> [Extracted information]:
#####

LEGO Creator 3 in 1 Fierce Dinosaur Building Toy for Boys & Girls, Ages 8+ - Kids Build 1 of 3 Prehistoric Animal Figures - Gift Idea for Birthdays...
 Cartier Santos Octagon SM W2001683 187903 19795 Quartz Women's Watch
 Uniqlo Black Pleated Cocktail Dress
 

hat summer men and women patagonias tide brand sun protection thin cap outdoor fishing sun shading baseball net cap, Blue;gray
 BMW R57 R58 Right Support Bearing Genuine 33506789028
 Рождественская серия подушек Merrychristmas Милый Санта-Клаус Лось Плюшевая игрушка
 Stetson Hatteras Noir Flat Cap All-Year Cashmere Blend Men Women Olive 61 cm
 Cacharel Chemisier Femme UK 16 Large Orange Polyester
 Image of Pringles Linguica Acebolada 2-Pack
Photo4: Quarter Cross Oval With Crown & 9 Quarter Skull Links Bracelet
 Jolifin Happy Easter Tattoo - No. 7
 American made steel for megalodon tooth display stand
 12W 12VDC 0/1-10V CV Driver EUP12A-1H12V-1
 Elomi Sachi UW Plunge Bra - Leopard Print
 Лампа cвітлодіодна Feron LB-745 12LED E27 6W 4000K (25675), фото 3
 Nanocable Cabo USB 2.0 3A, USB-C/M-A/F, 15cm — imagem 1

#####

> [Your objective]: Each entry above must be retyped exactly.

> [Finished exercise]:
LEGO Creator 3 in 1 Fierce Dinosaur Building Toy for Boys & Girls, Ages 8+ - Kids Build 1 of 3 Prehistoric Animal Figures - Gift Idea for Birthdays...
 Cartier Santos Octagon SM W2001683 187903 19795 Quartz Women's Watch
 Uniqlo Black Pleated Cocktail Dress
 

hat summer men and women patagonias tide brand sun protection thin cap outdoor fishing sun shading baseball net cap, Blue;gray
 BMW R57 R58 Right Support Bearing Genuine 33506789028
 Рождественская серия подушек Merrychristmas Милый Санта-Клаус Лось Плюшевая игрушка
 Stetson Hatteras Noir Flat Cap All-Year Cashmere Blend Men Women Olive 61 cm
 Cacharel Chemisier Femme UK 16 Large Orange Polyester
 Image of Pringles Linguica Acebolada 2-Pack
Photo4: Quarter Cross Oval With Crown & 9 Quarter Skull Links Bracelet
 Jolifin Happy Easter Tattoo - No. 7
 American made steel for megalodon tooth display stand
 12W 12VDC 0/1-10V CV Driver EUP12A-1H12V-1
 Elomi Sachi UW Plunge Bra - Leopard Print
 Лампа cвітлодіодна Feron LB-745 12LED E27 6W 4000K (25675), фото 3
 Nanocable Cabo USB 2.0 3A, USB-C/M-A/F, 15cm — imagem 1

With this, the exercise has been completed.